Weston on Vet View of Afghanistan

Lt. Gen. Larry Nicholson (ret) and Kael Weston, left, in Helmand Province, Afghanistan

Weston on Vet View of Afghanistan

A year after the U.S. left Afghanistan, “veterans who served in Afghanistan continue to wrestle with their experiences overseas.” Kael Weston was interviewed for NPR’s Morning Edition about veterans looking back at the withdrawal.

WESTON: You know, I had a Marine general tell me that what he and we all saw happen in Kabul was harder than anything we experienced in Fallujah.

LAWRENCE: Harder than Fallujah, the biggest battle of the Iraq war. Weston is talking about something called moral injury, the trauma of witnessing something that goes against your core beliefs. It’s well known to veterans who are trying to help their Afghan friends left behind. It’s about having a promise they made in uniform broken, says Weston, and seeing Afghans rushing the airport as Americans evacuated last year – it cut right down to their identity and their honor.
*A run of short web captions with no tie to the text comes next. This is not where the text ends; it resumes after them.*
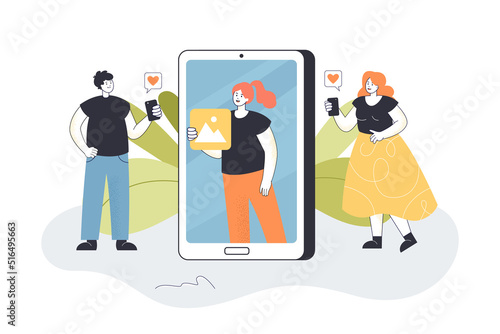 Blogger on phone screen showing pictures to audience. Tiny man and woman giving likes flat vector illustration. Blog content, social media concept for banner, website design or landing web page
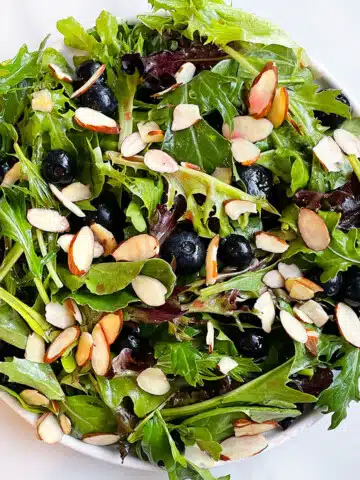 White Dish Full of Easy Blueberry Salad With Blueberry Vinaigrette.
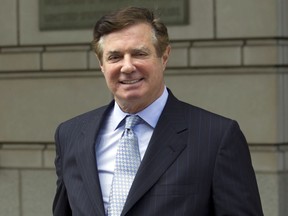 FILE - In this May 23, 2018, file photo, Paul Manafort, President Donald Trump's former campaign chairman, leaves the Federal District Court after a hearing, in Washington. Special counsel Robert Mueller is accusing Manafort of lying to federal investigators in the Russia probe in breach of his plea agreement. Prosecutors say in a new court filing that after Manafort agreed to truthfully cooperate with the investigation, he "committed federal crimes" by lying about "a variety of subject matters."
WESTON: It was also a bad reflection of what we like to believe we represent, which is a competent, caring United States of America. And I think what a year ago reflected was the opposite of that – incompetence, and it didn’t seem like we really cared as much as we really should have.

“A year after the Taliban takeover, U.S. veterans worry about the Afghan people.” Quil Lawrence, Morning Edition, National Public Radio, August 22, 2022.